I had a quick look and couldn't find many suitable B850 boards they all seem to be pcie 3 X1.
So it may actually be cheaper to buy that Gigabyte b850 AI top which has 10gb onboard.
 
Quick question, if a 10gb nic says it uses a pcie 3.0 X4 slot. Guessing you need that X4 to get the speeds, how does that translate to a pcie 4 slot?
I had a quick look and couldn't find many suitable B850 boards they all seem to be pcie 3 X1.
So it may actually be cheaper to buy that Gigabyte b850 AI top which has 10gb onboard.
You can put it in a PCIe 4 slot and it will run at PCI 3.0 x 4 speeds.

I have done the exact same thing with the card I bought in this thread.


rp2000
 
Quick question, if a 10gb nic says it uses a pcie 3.0 X4 slot.
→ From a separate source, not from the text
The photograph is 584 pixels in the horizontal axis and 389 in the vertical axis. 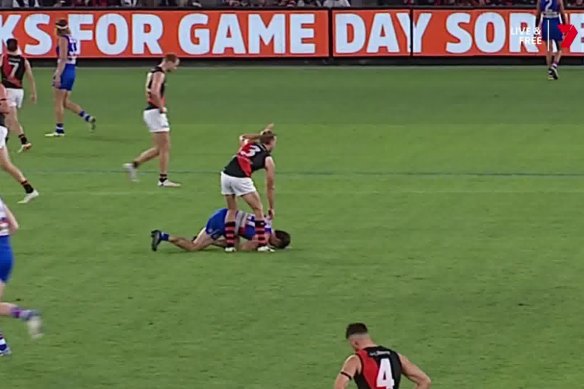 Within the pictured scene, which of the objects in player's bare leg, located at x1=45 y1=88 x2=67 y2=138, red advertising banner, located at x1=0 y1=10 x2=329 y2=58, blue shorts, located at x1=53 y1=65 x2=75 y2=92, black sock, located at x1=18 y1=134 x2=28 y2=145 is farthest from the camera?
red advertising banner, located at x1=0 y1=10 x2=329 y2=58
Guessing you need that X4 to get the speeds, how does that translate to a pcie 4 slot?
I had a quick look and couldn't find many suitable B850 boards they all seem to be pcie 3 X1.
So it may actually be cheaper to buy that Gigabyte b850 AI top which has 10gb onboard.
Yea i came across that and got that asus one as thats x2 pci 3
 
Quick question, if a 10gb nic says it uses a pcie 3.0 X4 slot. Guessing you need that X4 to get the speeds, how does that translate to a pcie 4 slot?
I had a quick look and couldn't find many suitable B850 boards they all seem to be pcie 3 X1.
So it may actually be cheaper to buy that Gigabyte b850 AI top which has 10gb onboard.
PCI-E versions (3.0, 4.0) are backwards compatible. This is a combination of device and slot - both need to support the same version, or they will negotiate to the highest commonly supported version between them. 4.0 device in a 5.0 slot results in 4.0. 4.0 device in a 3.0 slot results in 3.0, and so on.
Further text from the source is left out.